Workplace safety is paramount for any business, but it becomes all the more crucial when it comes to high-risk industries, such as construction, for example. Your business must take the right steps to prevent non-fatal work-related injuries since this not only safeguards employees but also enhances productivity and reduces costs.

This is no surprise, as in the UK, data from the Labour Force Survey indicates that 561,000 workers sustained non-fatal injuries in 2022/23, and 124,000 of these led to absences of over seven days. Given that 70% of small to medium-sized businesses say absenteeism affects profitability, you can see why addressing these injuries is vital​​.

The most common workplace injuries

Lets’ take a look at what the most common workplace injuries are, so we know where and how we can start preventing them. The Health and Safety Executive highlights the most common non-fatal workplace injuries in 2022/23 as follows:

  • Slips, trips, or falls on the same level – 32%
  • Handling, lifting, or carrying – 17%
  • Being struck by a moving object – 11%
  • Falls from height – 8%
  • Acts of violence – 8%​​

These incidents are not confined to high-risk industries either. They can occur in any workplace. However, sectors such as agriculture, construction, and food services report higher injury rates​​.
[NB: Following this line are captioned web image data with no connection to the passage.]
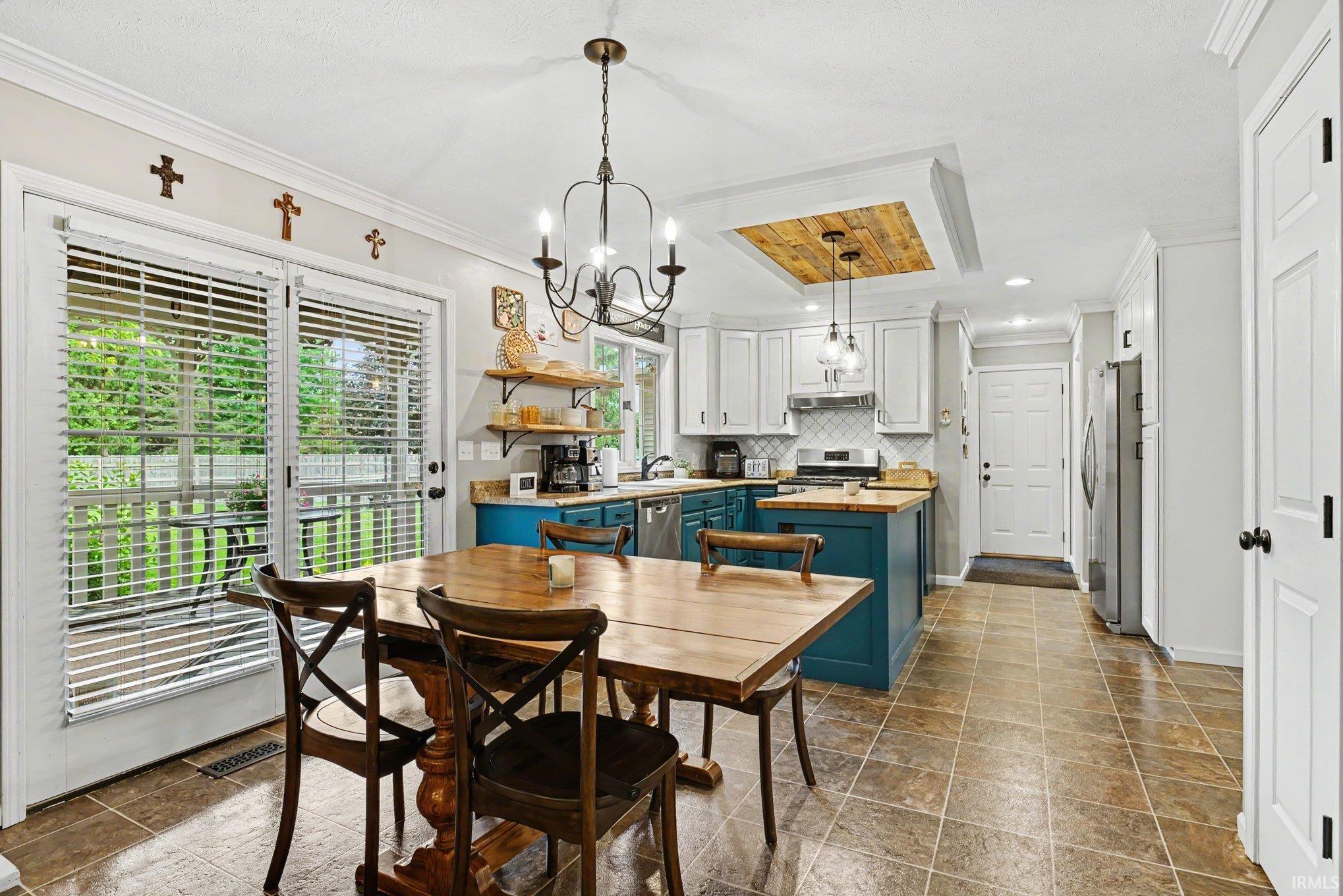 Spacious kitchen and dining area with tile flooring, double glass panel doors, and a wood-paneled ceiling feature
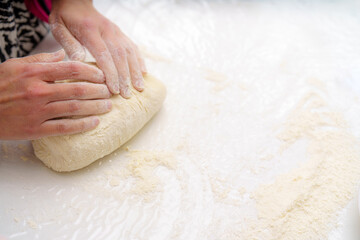Hands kneading dough on a floured surface in a bright kitchen during the afternoon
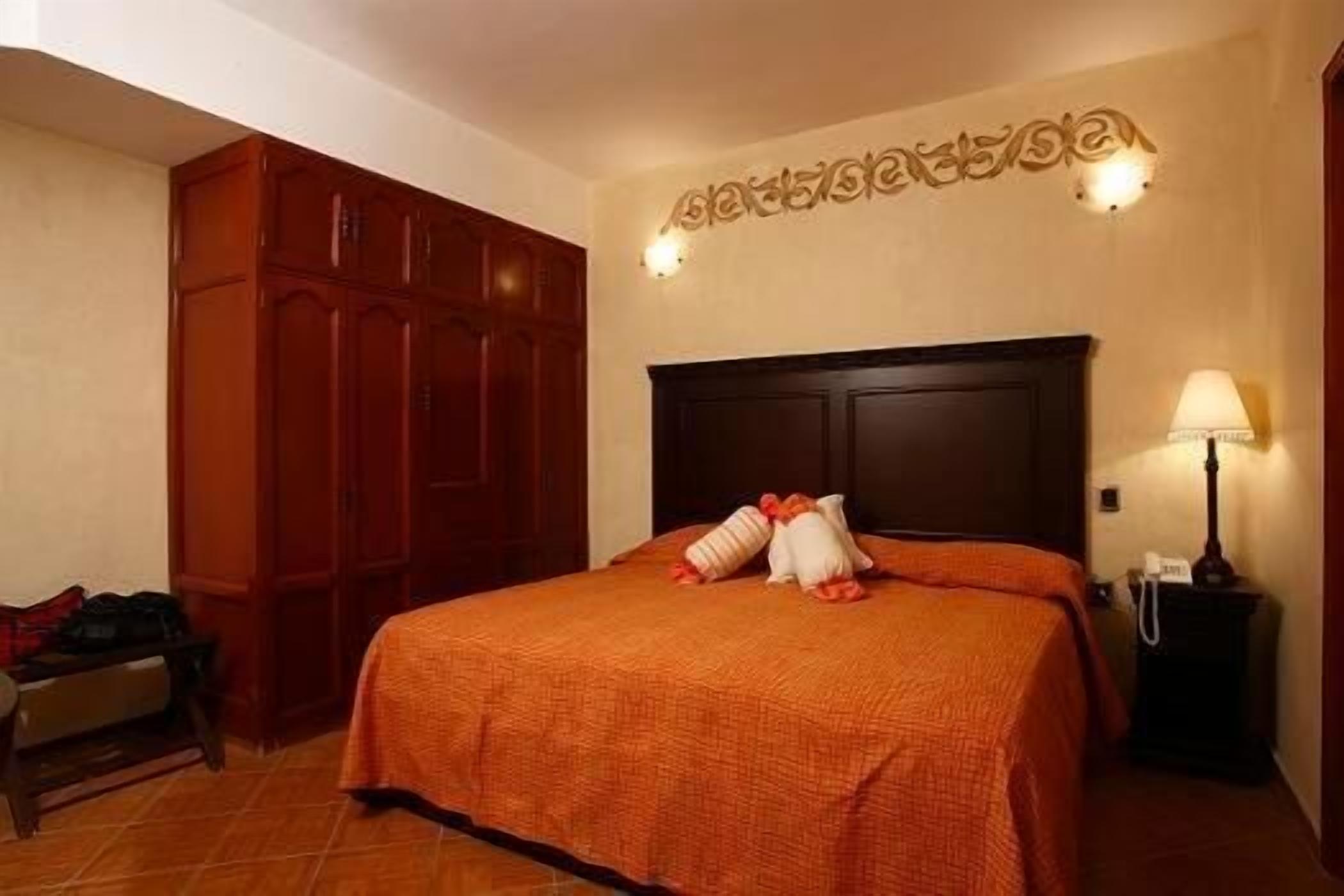 Een hotelkamer met een groot bed, een houten garderobe en een wandlamp.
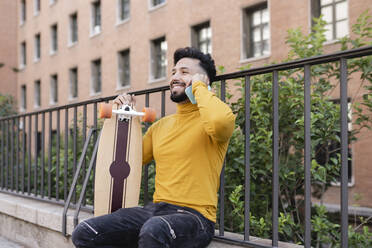 Lächelnder gutaussehender Mann mit Skateboard, der mit seinem Handy telefoniert - JCCMF03869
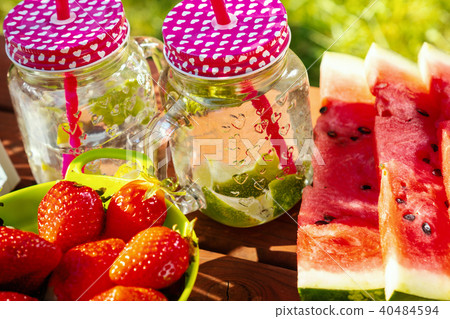 two glasses of lemonade and fruit on a picnic table two glasses of lemonade and fruit on a picnic table 40484594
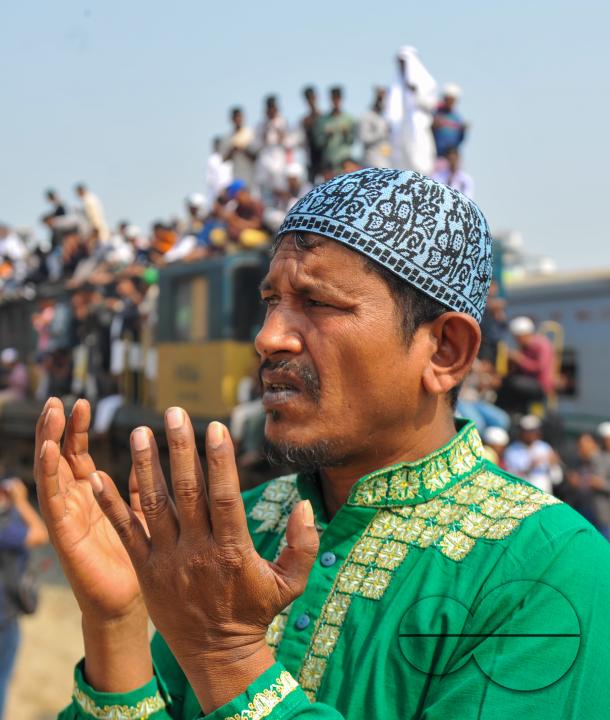Muslim devotees offer prayers at the Akheri Munajat or final prayers during the Biswa Ijtema 2nd phase, an annual congregation of Muslims in Tongi, the outskirts of Dhaka, Bangladesh.
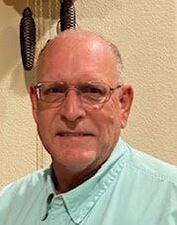 Portrait of a bald man wearing glasses and a mint-green button-up shirt against a beige wall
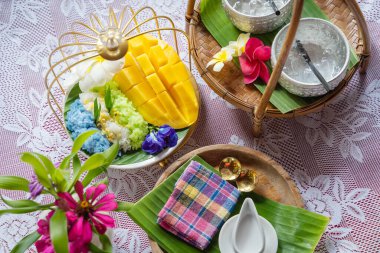 Muz yaprağında hindistan cevizi sütüyle karıştırılmış mangolu pirinç, ahşap masada beyaz seramik tabak ve beyaz giysi örtüsü Tayland 'da yaygın olarak kullanılan geleneksel bir tatlıdır. Meyve tatlısı..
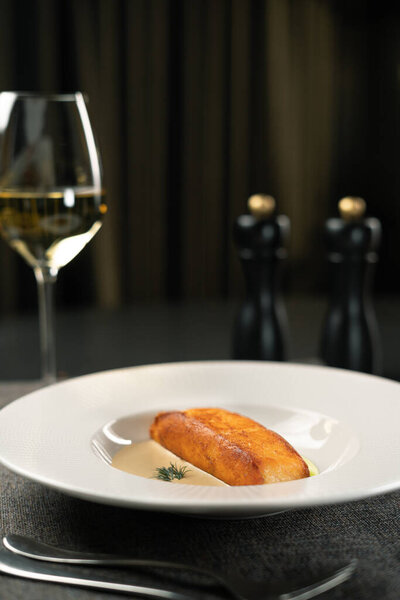 Dinner at the restaurant. Fish menu. Grilled salmon with wine. Copy space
Effective measures to prevent injuries

So, what are the best ways to go about preventing these non-fatal work injuries? Here are the top measures to put in place:

Safety signage

One of the simplest, yet most effective, ways to prevent workplace injuries is through proper safety signage.
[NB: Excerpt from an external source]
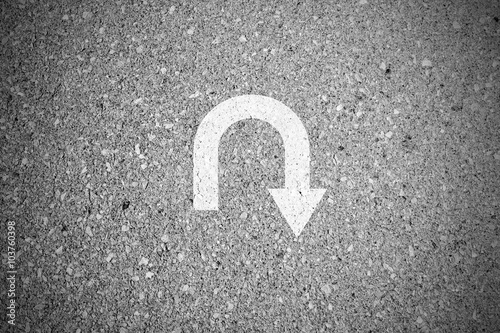 U-turn sign on asphalt concrete street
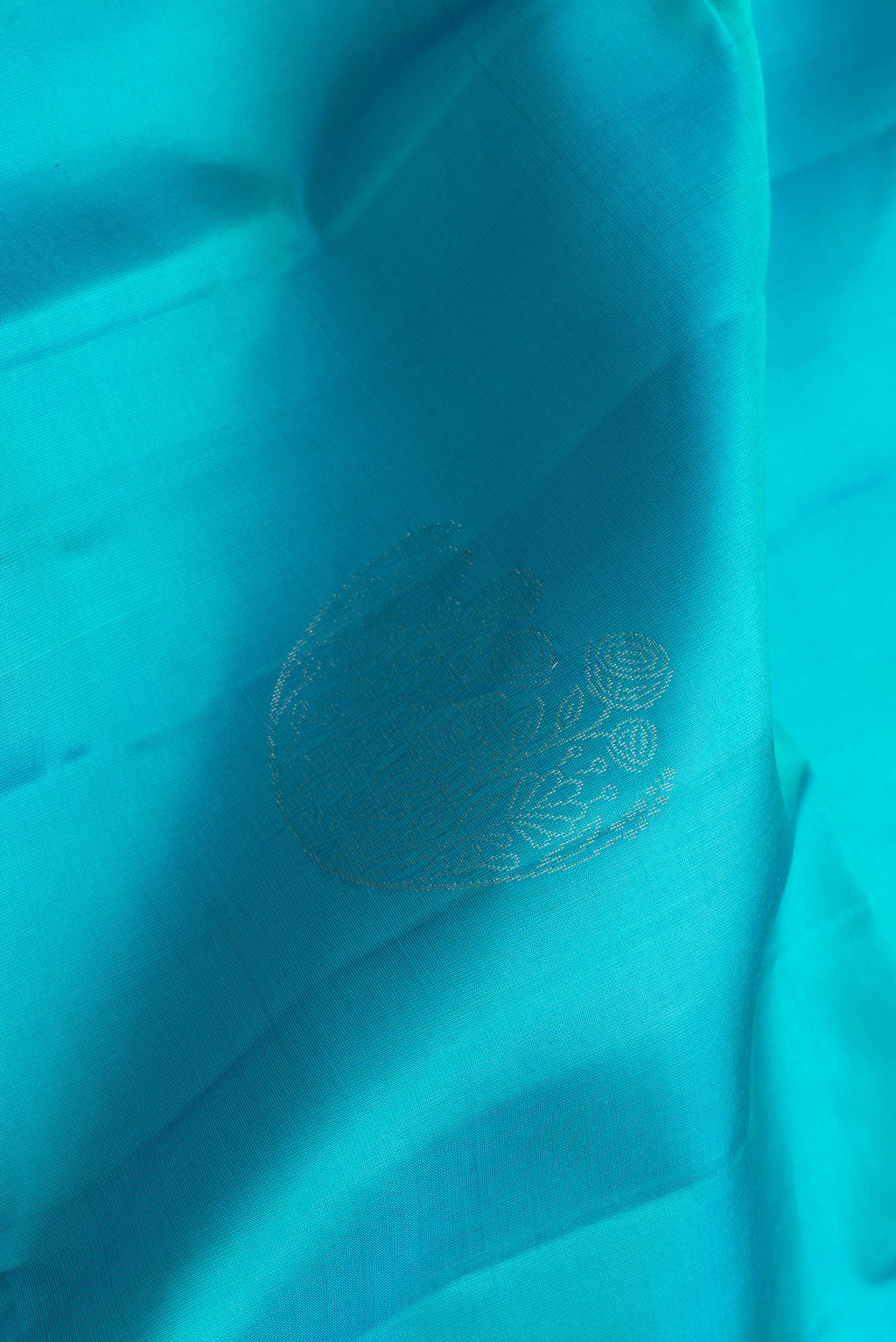 Close up of Sky Blue Dual Tone Soft Silk Saree with Zari Butta on the body and Zari Border.  displaying folds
As an employer, you must provide safety signs when certain risks cannot be avoided or controlled in other ways. This could be, for example, a sign that indicates a nearby hazard or specific instruction.
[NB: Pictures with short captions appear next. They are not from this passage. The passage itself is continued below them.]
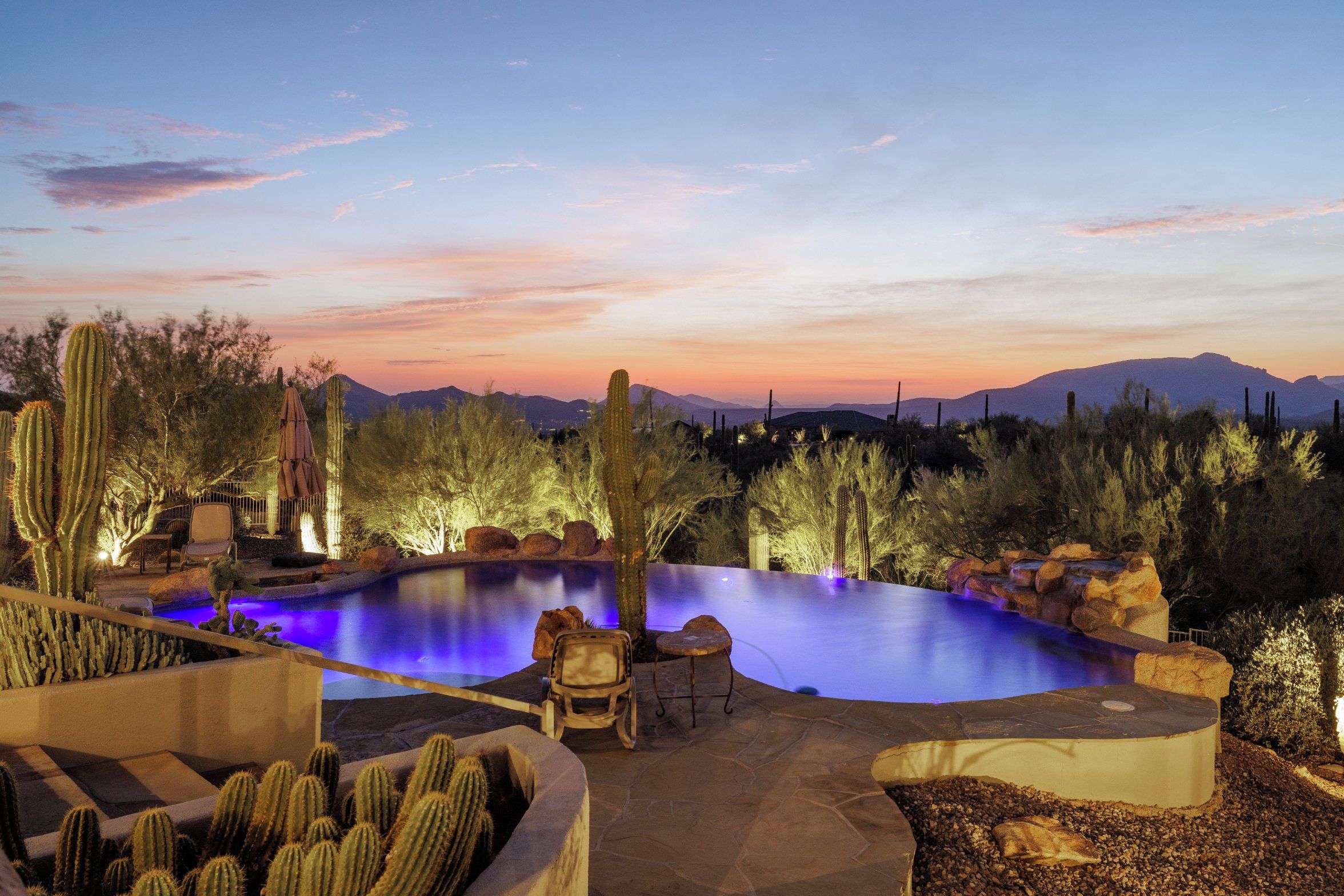 A nighttime outdoor pool area with a view of mountains in the background.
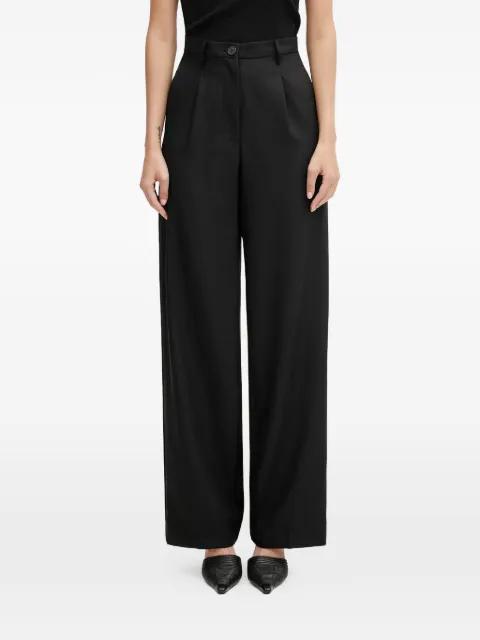 button pleated trousers by FIORUCCI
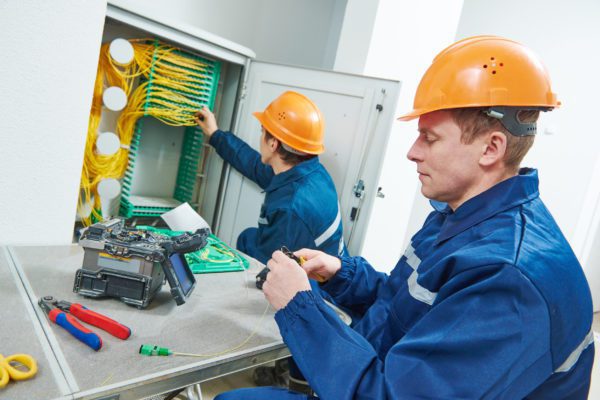 internet connection. technician engineer working with arc fusion splice machine while connecting fiber optic cable.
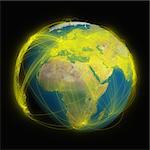 Planet Earth with glowing yellow connections between cities and continents representing global airline networks. Elements of this image furnished by NASA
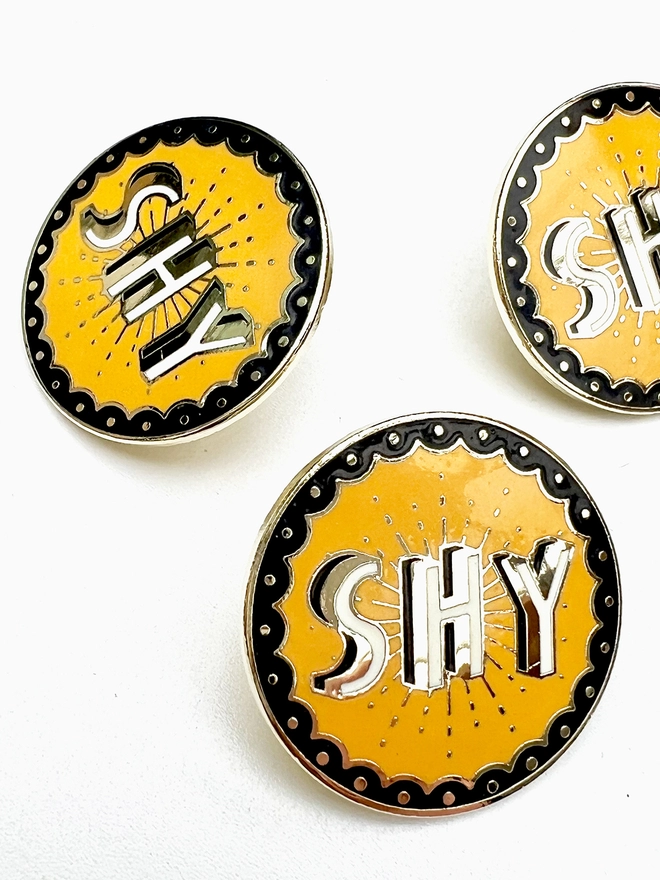 A close up of three SHY cloisonne brooches, they are mustard, black, white and brass coloured.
Signs should be maintained regularly, placed in a correct and clear position, and use appropriate colours to indicate specific actions – red for prohibition, blue for mandatory actions, and yellow/black for warnings​​.

Anti-slip matting

Another way to prevent workplace injuries, given that slips, trips, and falls are among the most common workplace injuries, is to implement anti-slip solutions.

This essential step involves putting anti-slip matting, tape, and stair treads in any areas where there is a slippery surface. Proper entrance matting helps keep the working environment clean and dry, so there’s a reduced risk of slips from water or mud brought in from outside​​.

Zone classification

Effectively zoning your workspace, especially where there are hazardous areas, is crucial. This involves regular risk assessments to classify and manage zones where there could be risk of explosions.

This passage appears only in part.